EXERCISE: Word for word, write the lines below out again, with no pictures.

□ □ □ □ □ □ □

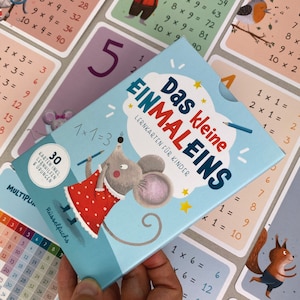Könnte beinhalten: Ein blaues und weißes Lernspielkartenset für Kinder mit einer Comicmaus, die einen Bleistift hält. Das Kartenset ist mit "Das kleine EINMALEINS" betitelt und enthält 30 Karten mit Multiplikationsaufgaben.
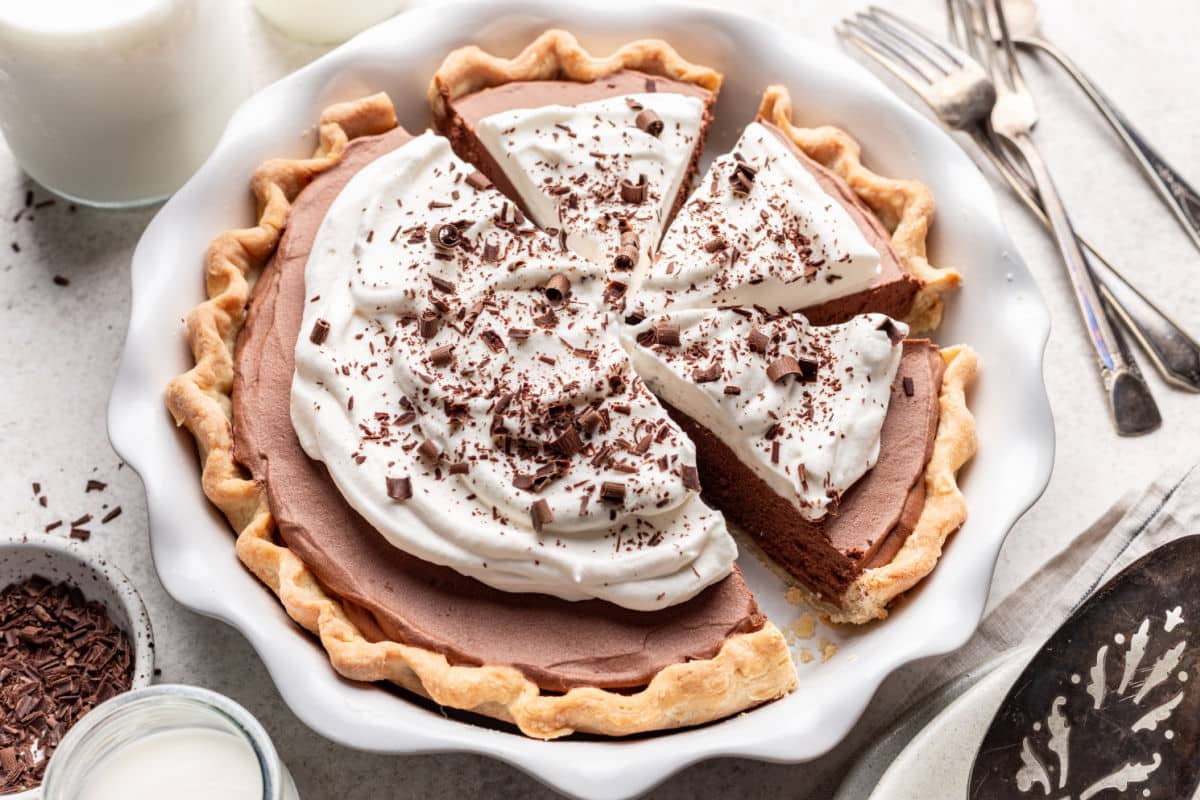 A French silk pie in a pie pan with forks and a server next to it. 
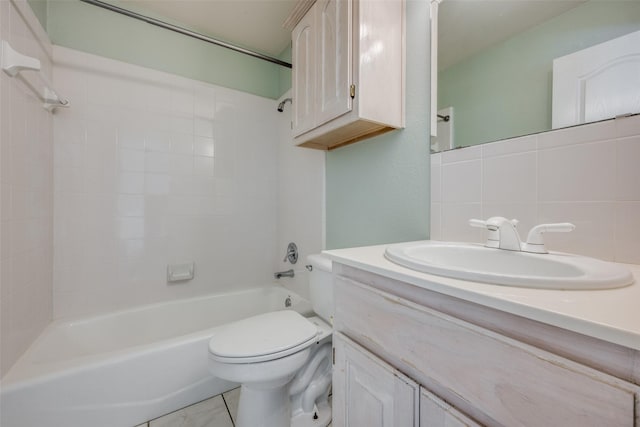 full bathroom featuring vanity, bathing tub / shower combination, decorative backsplash, toilet, and tile walls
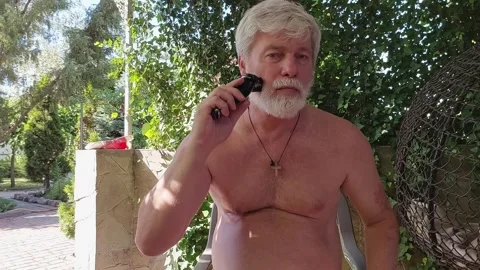 A man trims his grey beard with an electric razor Stock Footage 305338982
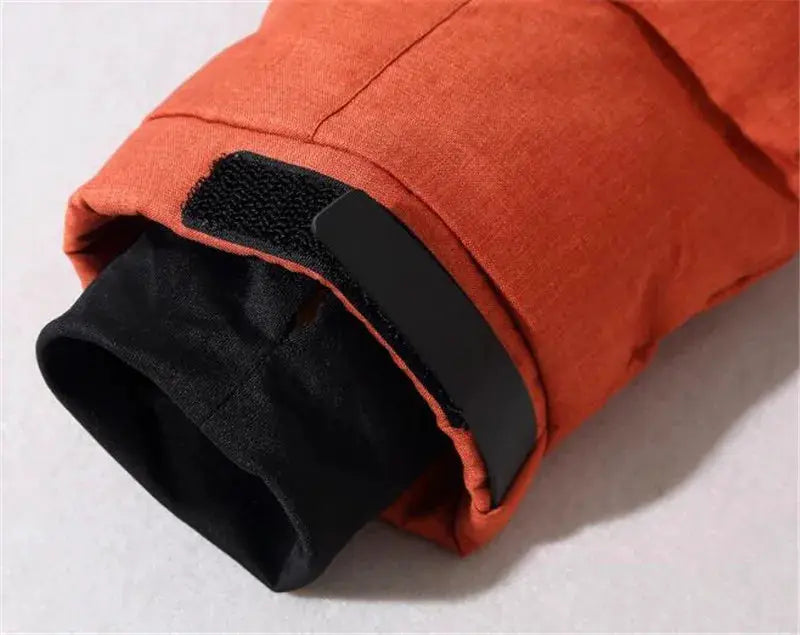 Simples Market orange hooded winter parka sleeve cuff with black interior and Velcro strap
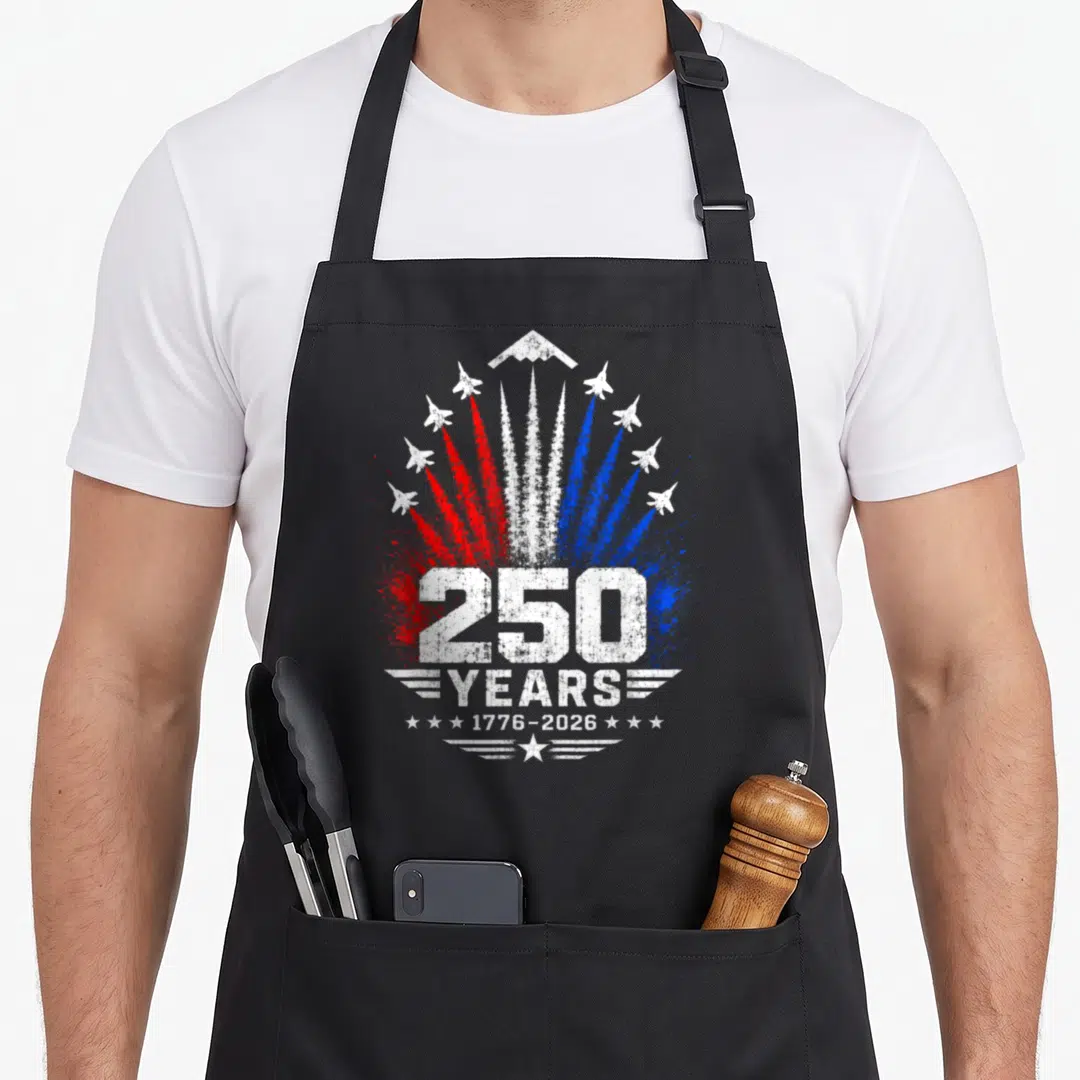 Jet patriotic apron - 250 YEARS 1776-2026 jet planes red white blue distressed smoke trails — shown on a black cotton canvas apron against a white background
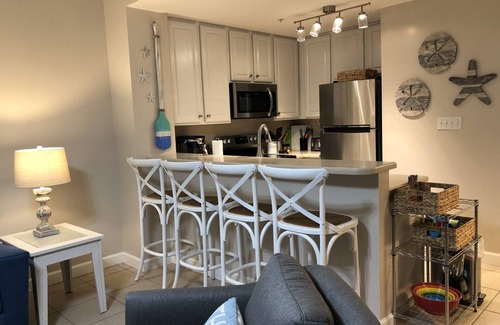 Lower Grand Lagoon Condo | 1st FLOOR UNIT - steps to the beach and pool! Book for the Fall season!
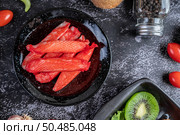 Crab stick put on a black plate with raw salmon, tomatoes, kiwi, shallots and sweet peppers on the black cement floor. Стоковое фото, агентство Ingram Publishing / Фотобанк Лори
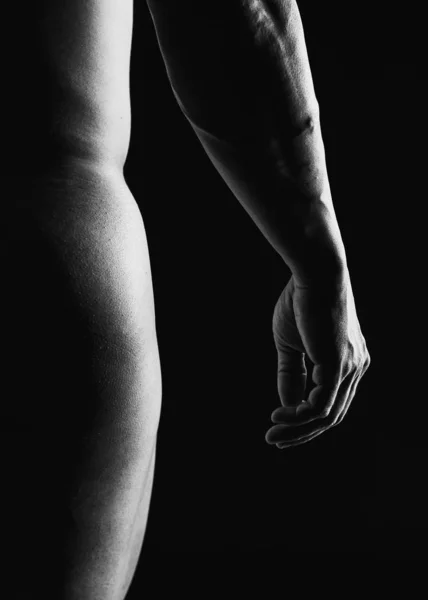 Detail of muscular man arm and buttocks against a black background — Stockfoto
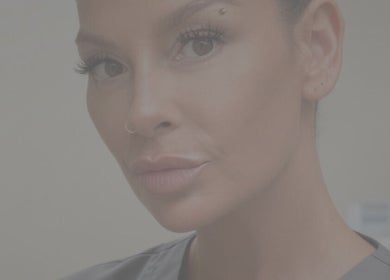Close-up of a professional at KAaesthetics, Byfleet, England, GB showcasing a radiant complexion.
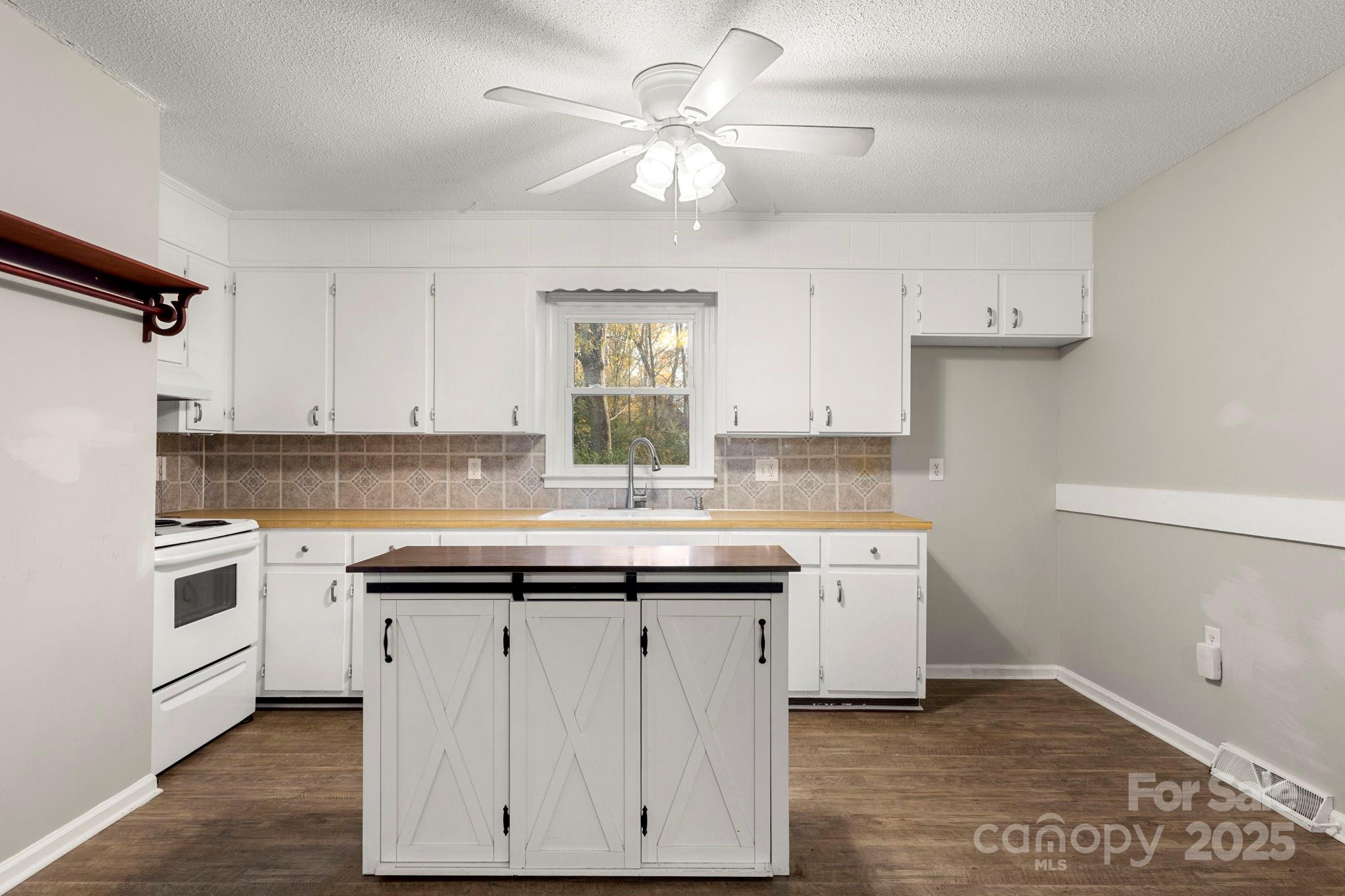 604 Cold Stream Circle Chester, SC 29706 - Photo 3 of 26 a kitchen with a sink dishwasher a stove and a refrigerator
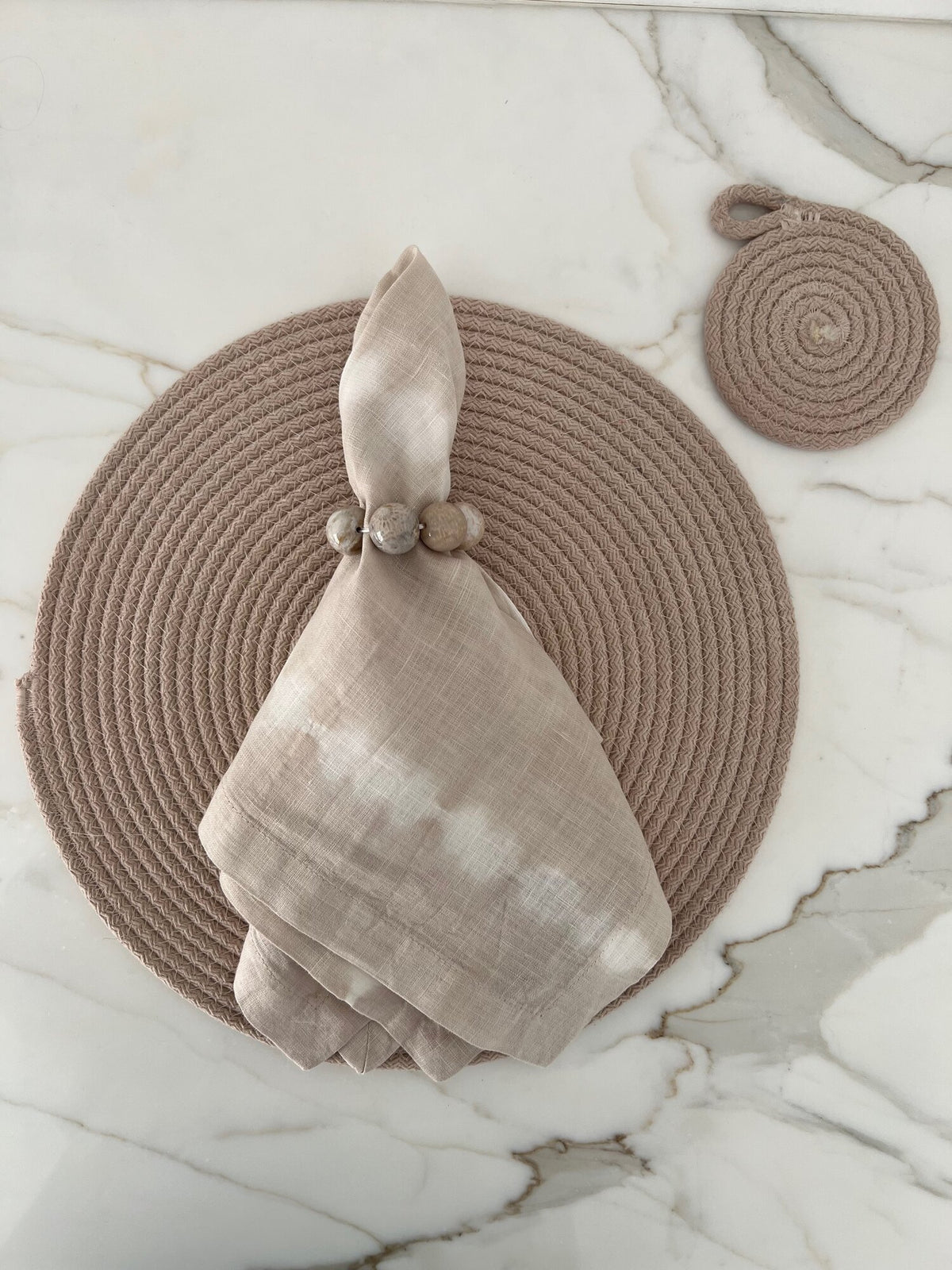 A Whigstock Studio Marble Bead Napkin Ring in cream secures a cloth napkin on a beige woven placemat atop marble, with a matching round coaster placed at the top right.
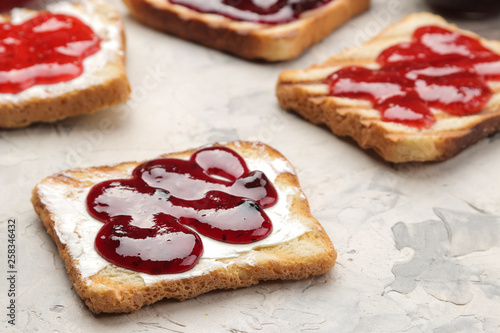Wallpaper Mural toasts with jam. fried crispy toasts with red jam on a light concrete table. breakfast. close-up Torontodigital.ca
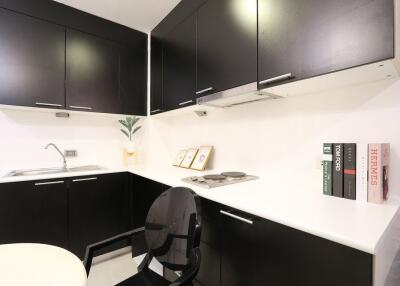 Modern compact kitchen with black cabinetry and white countertops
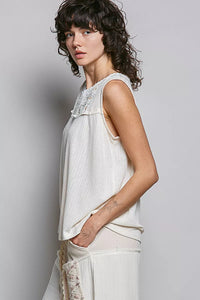 Woman wearing a sleeveless white top with lace details against a plain background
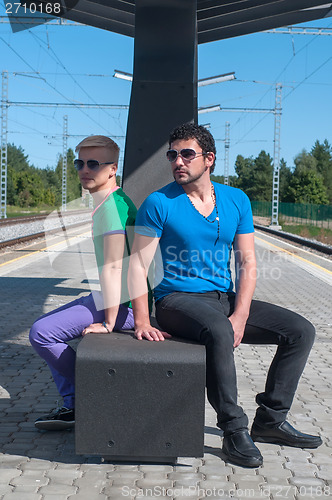 Image of Handsome guys sitting on platform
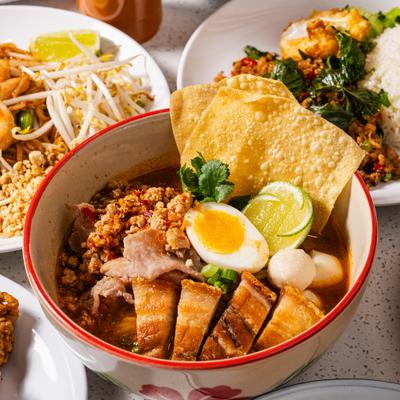 Tom Yum Noodle Soup with minced pork, pork belly, a soft-boiled egg and fried wontons.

□ □ □ □ □ □ □

RESPONSE TO THIS TASK:
Könnte beinhalten: Ein blaues und weißes Lernspielkartenset für Kinder mit einer Comicmaus, die einen Bleistift hält. Das Kartenset ist mit "Das kleine EINMALEINS" betitelt und enthält 30 Karten mit Multiplikationsaufgaben.
 A French silk pie in a pie pan with forks and a server next to it. 
 full bathroom featuring vanity, bathing tub / shower combination, decorative backsplash, toilet, and tile walls
 A man trims his grey beard with an electric razor Stock Footage 305338982
 Simples Market orange hooded winter parka sleeve cuff with black interior and Velcro strap
 Jet patriotic apron - 250 YEARS 1776-2026 jet planes red white blue distressed smoke trails — shown on a black cotton canvas apron against a white background
 Lower Grand Lagoon Condo | 1st FLOOR UNIT - steps to the beach and pool! Book for the Fall season!
 Crab stick put on a black plate with raw salmon, tomatoes, kiwi, shallots and sweet peppers on the black cement floor. Стоковое фото, агентство Ingram Publishing / Фотобанк Лори
 Detail of muscular man arm and buttocks against a black background — Stockfoto
Close-up of a professional at KAaesthetics, Byfleet, England, GB showcasing a radiant complexion.
 604 Cold Stream Circle Chester, SC 29706 - Photo 3 of 26 a kitchen with a sink dishwasher a stove and a refrigerator
 A Whigstock Studio Marble Bead Napkin Ring in cream secures a cloth napkin on a beige woven placemat atop marble, with a matching round coaster placed at the top right.
Wallpaper Mural toasts with jam. fried crispy toasts with red jam on a light concrete table. breakfast. close-up Torontodigital.ca
 Modern compact kitchen with black cabinetry and white countertops
 Woman wearing a sleeveless white top with lace details against a plain background
 Image of Handsome guys sitting on platform
 Tom Yum Noodle Soup with minced pork, pork belly, a soft-boiled egg and fried wontons.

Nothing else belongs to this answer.